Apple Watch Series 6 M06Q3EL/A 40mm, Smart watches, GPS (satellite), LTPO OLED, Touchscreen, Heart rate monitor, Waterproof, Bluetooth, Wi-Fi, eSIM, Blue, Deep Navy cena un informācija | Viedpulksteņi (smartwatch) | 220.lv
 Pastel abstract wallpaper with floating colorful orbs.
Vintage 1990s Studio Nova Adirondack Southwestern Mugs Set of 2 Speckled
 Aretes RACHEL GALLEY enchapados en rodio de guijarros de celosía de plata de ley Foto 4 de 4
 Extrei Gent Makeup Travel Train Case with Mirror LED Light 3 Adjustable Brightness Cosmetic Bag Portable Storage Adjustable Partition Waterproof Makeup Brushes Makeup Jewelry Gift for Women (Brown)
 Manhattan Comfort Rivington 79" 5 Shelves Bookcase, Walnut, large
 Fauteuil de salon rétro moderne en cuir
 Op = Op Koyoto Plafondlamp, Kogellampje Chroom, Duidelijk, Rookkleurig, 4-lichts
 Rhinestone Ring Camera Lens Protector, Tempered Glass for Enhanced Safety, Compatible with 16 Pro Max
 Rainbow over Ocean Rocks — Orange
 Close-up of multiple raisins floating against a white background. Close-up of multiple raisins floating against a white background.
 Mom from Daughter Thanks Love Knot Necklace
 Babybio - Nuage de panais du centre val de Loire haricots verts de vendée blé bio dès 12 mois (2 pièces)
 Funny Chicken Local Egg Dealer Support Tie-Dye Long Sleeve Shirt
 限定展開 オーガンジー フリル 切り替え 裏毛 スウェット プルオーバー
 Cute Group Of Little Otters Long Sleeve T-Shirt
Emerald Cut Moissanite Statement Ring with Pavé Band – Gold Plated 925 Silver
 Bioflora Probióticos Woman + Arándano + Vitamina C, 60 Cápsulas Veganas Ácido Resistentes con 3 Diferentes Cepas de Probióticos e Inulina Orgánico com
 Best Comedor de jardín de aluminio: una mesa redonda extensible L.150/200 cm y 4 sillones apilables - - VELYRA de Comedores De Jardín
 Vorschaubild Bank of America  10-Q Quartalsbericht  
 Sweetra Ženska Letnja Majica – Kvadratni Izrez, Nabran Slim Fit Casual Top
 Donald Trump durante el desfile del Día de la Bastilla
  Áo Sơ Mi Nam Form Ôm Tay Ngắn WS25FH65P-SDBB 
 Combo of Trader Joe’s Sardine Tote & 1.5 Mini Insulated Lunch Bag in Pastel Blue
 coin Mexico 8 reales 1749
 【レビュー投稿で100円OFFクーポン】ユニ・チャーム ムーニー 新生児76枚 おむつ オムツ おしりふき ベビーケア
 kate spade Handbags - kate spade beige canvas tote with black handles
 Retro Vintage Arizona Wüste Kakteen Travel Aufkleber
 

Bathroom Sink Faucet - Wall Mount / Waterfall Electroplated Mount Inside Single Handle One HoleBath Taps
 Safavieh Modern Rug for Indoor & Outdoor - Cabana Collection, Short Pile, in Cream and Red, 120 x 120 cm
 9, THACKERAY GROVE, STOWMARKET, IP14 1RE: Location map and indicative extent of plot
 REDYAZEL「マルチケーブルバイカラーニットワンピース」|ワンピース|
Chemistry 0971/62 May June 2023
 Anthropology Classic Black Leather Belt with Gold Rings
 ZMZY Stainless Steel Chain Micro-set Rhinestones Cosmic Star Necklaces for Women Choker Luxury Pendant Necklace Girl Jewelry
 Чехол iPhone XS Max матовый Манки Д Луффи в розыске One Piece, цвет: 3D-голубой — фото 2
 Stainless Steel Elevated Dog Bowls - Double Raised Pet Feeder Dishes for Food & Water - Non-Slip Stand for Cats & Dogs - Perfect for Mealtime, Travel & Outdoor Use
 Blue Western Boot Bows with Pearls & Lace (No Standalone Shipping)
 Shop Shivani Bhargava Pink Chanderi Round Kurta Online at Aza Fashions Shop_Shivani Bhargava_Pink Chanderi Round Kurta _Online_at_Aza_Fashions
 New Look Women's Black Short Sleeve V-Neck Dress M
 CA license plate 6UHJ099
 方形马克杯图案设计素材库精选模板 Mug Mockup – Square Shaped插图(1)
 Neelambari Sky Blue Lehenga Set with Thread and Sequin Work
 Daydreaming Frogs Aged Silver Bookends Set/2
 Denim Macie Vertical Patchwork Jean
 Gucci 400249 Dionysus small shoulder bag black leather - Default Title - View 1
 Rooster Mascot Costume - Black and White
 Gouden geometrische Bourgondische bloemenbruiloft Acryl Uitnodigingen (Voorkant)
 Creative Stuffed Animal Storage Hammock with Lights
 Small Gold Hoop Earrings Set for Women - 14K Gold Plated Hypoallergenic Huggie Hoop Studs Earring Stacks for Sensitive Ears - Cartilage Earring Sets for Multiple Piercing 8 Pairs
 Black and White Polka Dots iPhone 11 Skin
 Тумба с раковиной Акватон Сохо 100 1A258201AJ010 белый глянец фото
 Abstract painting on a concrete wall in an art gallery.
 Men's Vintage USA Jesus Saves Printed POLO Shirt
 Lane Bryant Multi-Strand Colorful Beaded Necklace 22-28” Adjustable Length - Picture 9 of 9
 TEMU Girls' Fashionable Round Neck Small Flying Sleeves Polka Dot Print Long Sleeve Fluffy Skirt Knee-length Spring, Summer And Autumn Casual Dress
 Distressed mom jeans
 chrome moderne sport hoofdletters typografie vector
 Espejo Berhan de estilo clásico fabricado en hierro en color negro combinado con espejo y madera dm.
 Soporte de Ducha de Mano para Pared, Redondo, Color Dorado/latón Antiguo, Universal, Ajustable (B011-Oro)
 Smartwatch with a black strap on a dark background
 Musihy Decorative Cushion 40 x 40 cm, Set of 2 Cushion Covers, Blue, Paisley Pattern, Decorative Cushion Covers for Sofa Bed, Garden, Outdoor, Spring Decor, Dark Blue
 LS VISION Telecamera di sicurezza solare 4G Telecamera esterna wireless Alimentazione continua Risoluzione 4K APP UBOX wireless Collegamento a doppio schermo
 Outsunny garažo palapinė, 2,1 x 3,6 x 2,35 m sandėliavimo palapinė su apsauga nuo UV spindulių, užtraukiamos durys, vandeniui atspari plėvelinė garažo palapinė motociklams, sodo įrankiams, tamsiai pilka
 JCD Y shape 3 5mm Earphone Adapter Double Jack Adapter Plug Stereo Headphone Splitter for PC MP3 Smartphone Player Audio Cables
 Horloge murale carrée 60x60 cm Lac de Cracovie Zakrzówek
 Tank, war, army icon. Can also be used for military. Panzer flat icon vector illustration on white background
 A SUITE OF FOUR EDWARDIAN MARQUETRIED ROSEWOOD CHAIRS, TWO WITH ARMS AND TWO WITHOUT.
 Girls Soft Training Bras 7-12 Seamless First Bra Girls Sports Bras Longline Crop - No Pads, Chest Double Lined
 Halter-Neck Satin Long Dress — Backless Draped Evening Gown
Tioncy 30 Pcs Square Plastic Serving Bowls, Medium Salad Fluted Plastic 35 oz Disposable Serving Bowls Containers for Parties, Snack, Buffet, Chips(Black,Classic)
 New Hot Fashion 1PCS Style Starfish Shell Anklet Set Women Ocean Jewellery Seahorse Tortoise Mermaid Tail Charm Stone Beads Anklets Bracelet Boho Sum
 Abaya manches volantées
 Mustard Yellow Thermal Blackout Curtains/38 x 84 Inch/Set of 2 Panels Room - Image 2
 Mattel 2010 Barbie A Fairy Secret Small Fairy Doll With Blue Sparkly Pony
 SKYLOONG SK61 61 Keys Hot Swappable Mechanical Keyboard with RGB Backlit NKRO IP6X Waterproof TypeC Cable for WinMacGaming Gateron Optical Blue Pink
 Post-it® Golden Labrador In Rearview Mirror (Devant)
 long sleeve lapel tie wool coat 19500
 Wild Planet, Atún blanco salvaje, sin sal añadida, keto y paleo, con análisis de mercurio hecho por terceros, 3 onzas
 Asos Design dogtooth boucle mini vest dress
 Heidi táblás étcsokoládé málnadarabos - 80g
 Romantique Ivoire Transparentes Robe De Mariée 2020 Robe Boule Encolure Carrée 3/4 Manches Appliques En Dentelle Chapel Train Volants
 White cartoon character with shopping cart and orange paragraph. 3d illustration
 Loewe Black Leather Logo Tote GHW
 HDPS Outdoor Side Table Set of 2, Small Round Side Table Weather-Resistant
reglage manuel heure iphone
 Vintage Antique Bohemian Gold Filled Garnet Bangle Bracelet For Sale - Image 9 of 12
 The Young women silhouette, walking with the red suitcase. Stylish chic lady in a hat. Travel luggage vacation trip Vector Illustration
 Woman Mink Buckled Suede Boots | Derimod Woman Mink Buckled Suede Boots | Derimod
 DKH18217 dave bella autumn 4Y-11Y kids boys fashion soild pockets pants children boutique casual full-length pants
○ ○ ○ ○ ○
* **Work item**: Take the records above and return, word for word, only the lines that fall from the line with "Small Gold Hoop" to the line with "Distressed mom jeans", both of them included.

* **Response to this exercise**:
 Small Gold Hoop Earrings Set for Women - 14K Gold Plated Hypoallergenic Huggie Hoop Studs Earring Stacks for Sensitive Ears - Cartilage Earring Sets for Multiple Piercing 8 Pairs
 Black and White Polka Dots iPhone 11 Skin
 Тумба с раковиной Акватон Сохо 100 1A258201AJ010 белый глянец фото
 Abstract painting on a concrete wall in an art gallery.
 Men's Vintage USA Jesus Saves Printed POLO Shirt
 Lane Bryant Multi-Strand Colorful Beaded Necklace 22-28” Adjustable Length - Picture 9 of 9
 TEMU Girls' Fashionable Round Neck Small Flying Sleeves Polka Dot Print Long Sleeve Fluffy Skirt Knee-length Spring, Summer And Autumn Casual Dress
 Distressed mom jeans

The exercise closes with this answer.